Short descriptive text snippets:

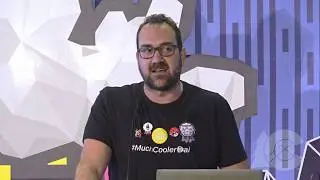 Multi-Collateral Dai: 3 Months Later &ndash; Mariano Conti
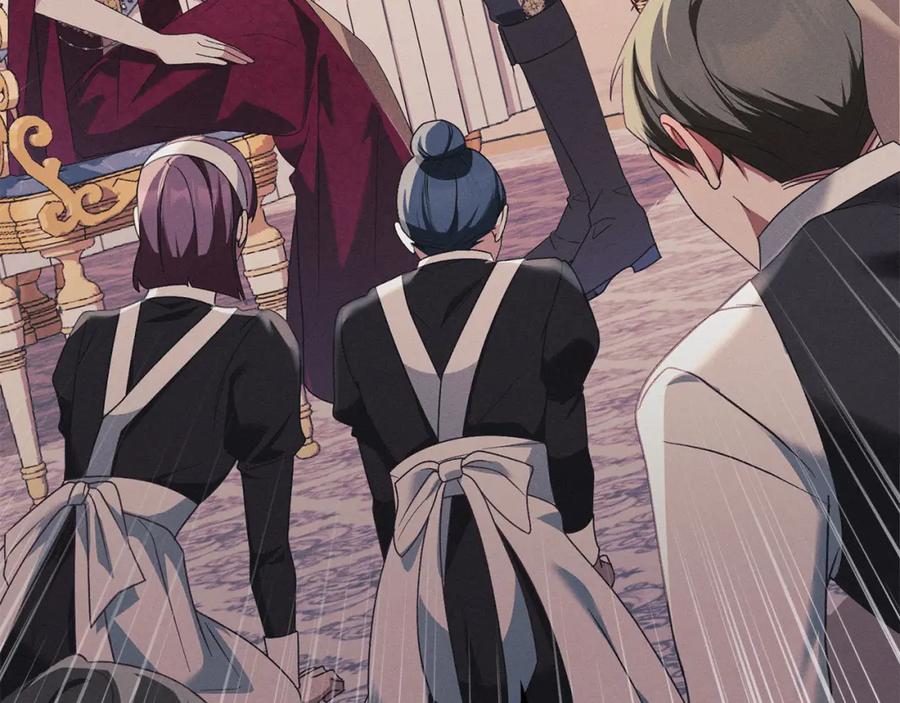 默许侵占 - 第19话 承担责任 - 第112张图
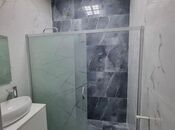 Satılır 2 otaqlı yeni tikili 55 m², Memar Əcəmi m., photo 4 from 5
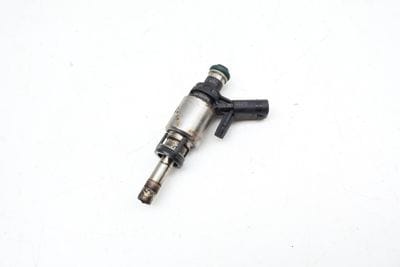 Fuel Injector 06A906036F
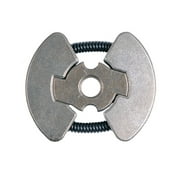 Homelite Chain Saw Replacement Clutch Assembly # 300960003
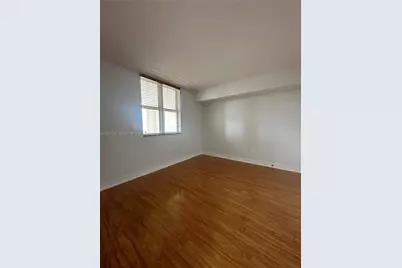117 NW 42nd Ave #1405, Miami, FL 33126 - Photo 12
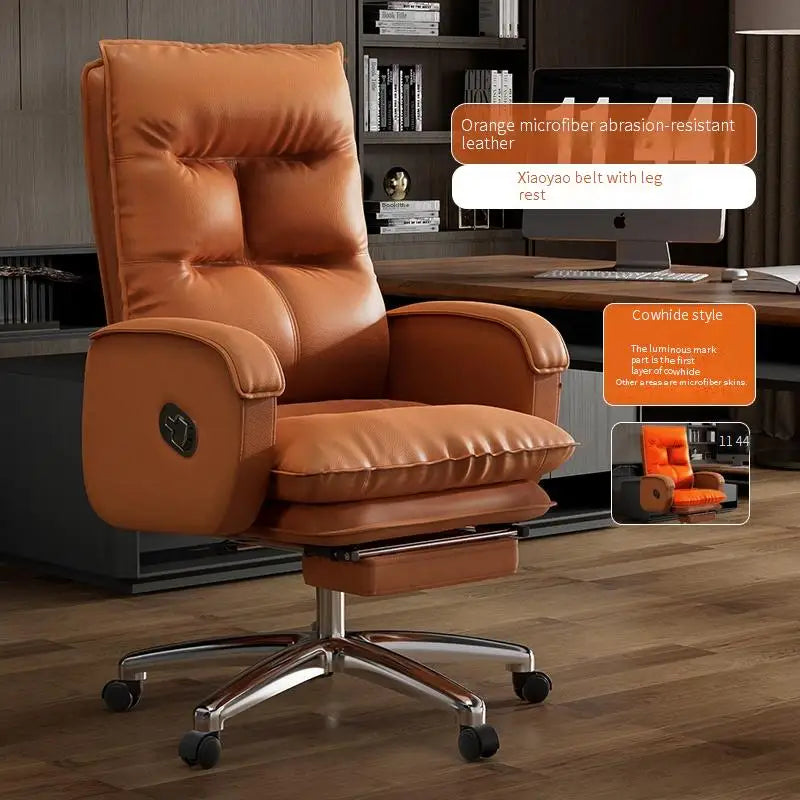 49394154897722|49394155061562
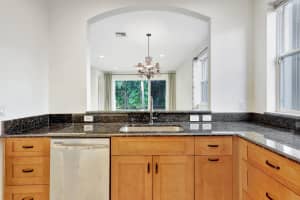 16075 Sims Rd 104, Delray Beach, FL 33484 Sold 06/16/25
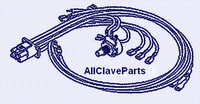 (image for) OCM WIRING HARNESS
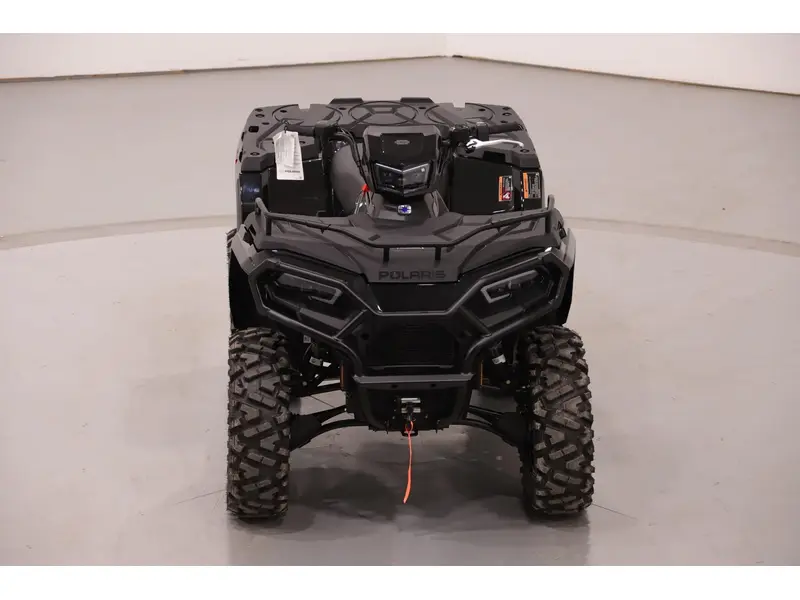 2024 Polaris SPORTSMAN 570  TRAIL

WHAT IS EXPECTED: Print the data above exactly; drop every picture.

EXPECTED ANSWER:
 Multi-Collateral Dai: 3 Months Later &ndash; Mariano Conti
 默许侵占 - 第19话 承担责任 - 第112张图
 Satılır 2 otaqlı yeni tikili 55 m², Memar Əcəmi m., photo 4 from 5
 Fuel Injector 06A906036F
 Homelite Chain Saw Replacement Clutch Assembly # 300960003
117 NW 42nd Ave #1405, Miami, FL 33126 - Photo 12
 49394154897722|49394155061562
 16075 Sims Rd 104, Delray Beach, FL 33484 Sold 06/16/25
 (image for) OCM WIRING HARNESS
 2024 Polaris SPORTSMAN 570  TRAIL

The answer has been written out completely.